Virago Modern Classic #312
Brother Jacob is George Eliot’s shortest and most obscure work.
I’m pleased that Virago reissued it back in the day – if they hadn’t it probably would have passed me by.
My edition runs to just 74 pages, but it contains a fable, a morality tale in four acts:
On a visit to town young David Faux sees a high class confectioner’s shop. It leads him to believe that confectioners must be the happiest and most popular of tradesmen, and so when it comes to the time for him to take up a trade he becomes a confectionery. But when David finds that the realitly of life as a confectioner has more work and less status than he imagined, he decides that his future lies elsewhere.

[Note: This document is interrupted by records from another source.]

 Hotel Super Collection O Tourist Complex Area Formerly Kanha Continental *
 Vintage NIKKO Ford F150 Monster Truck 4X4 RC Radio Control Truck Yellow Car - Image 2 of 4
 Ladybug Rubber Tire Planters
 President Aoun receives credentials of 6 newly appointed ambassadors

The prose in this section is rich and lovely. George Eliot must have had a sweet tooth! But David’s discontent stops things getting sickly and sets the real story in motion.

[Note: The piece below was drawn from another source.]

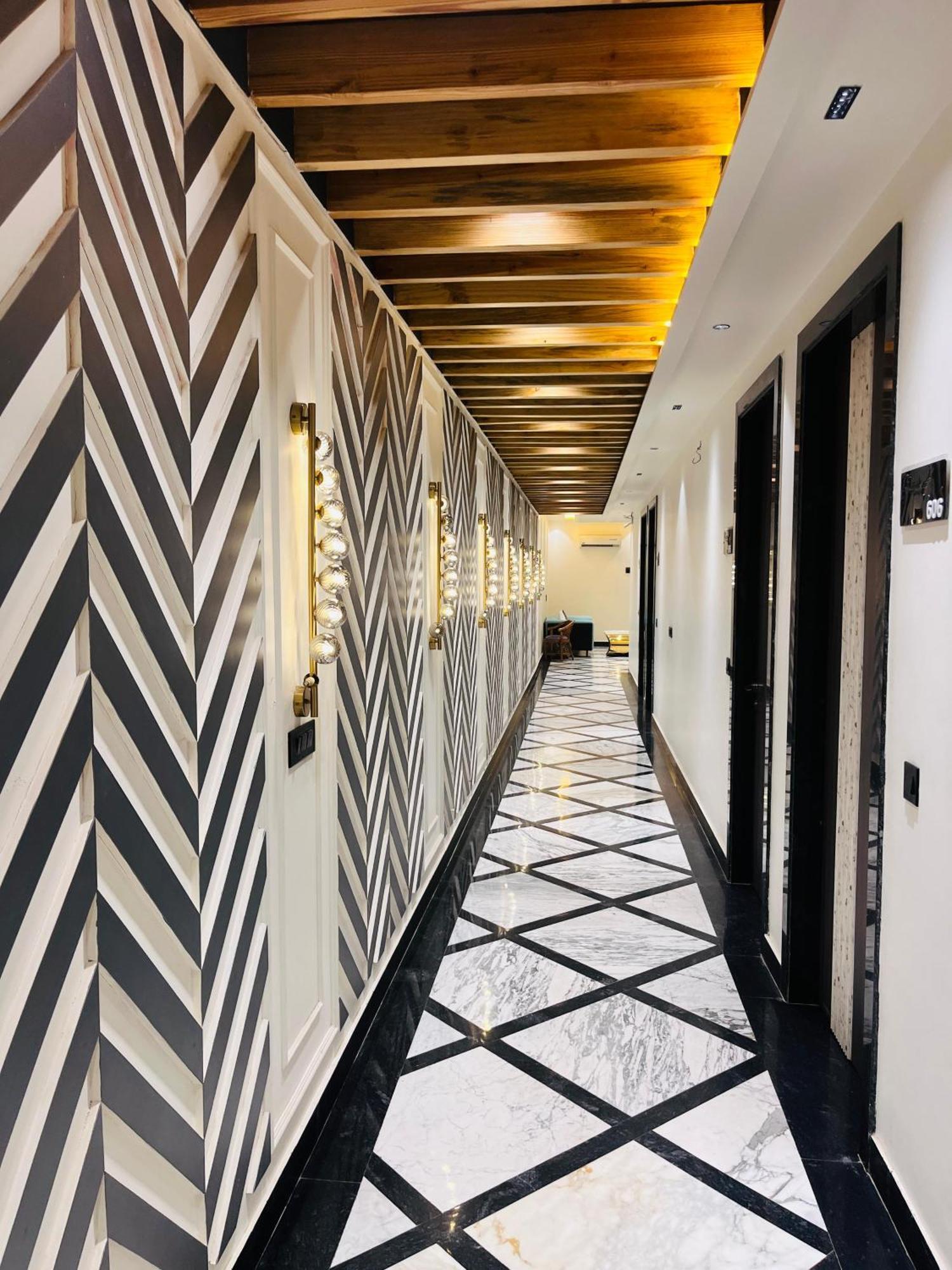 Hotel Taj Ronak Luxury - Agra 4*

David decides that his future lies in the West Indies, But how does he get there? Easy! He tricks his slow-witted brother Jacob so that he can steal his mother’s life savings. And then, of course, he vanishes.
A swift change to a much darker style and tone. Interesting, well executed and things play out well. But not so easy to engage. David is unpleasant and Jacob is dull. No heroes here!
Some years later and some miles away a new confectioner’s shop opens. The proprietor, Edward Freely, establishes himself in society and is clearly set to make a great match with the local squire’s daughter.
A lovely portrait of a community. Of course, with the short format, it is reasonably clear who Edward Freely must be and what is likely to happen next. After all, the title is “Brother Jacob”.
Sure enough, Jacob arrives. He, quite disingenuously, identifies the confectioner as his brother David Faux. Not a gentleman merchant, but a working class thief and cheat. The confectioner disappears, never to be heard from again.
A tidy ending, but a little downbeat.
Brother Jacob has a few flaws common in short works. There is little room for character development and the story quickly becomes predictable. But it is engaging and very readable.
The core idea wouldn’t have been enough to sustain a novel, but does provide a sound basis for this little volume.
Not essential, but very interesting.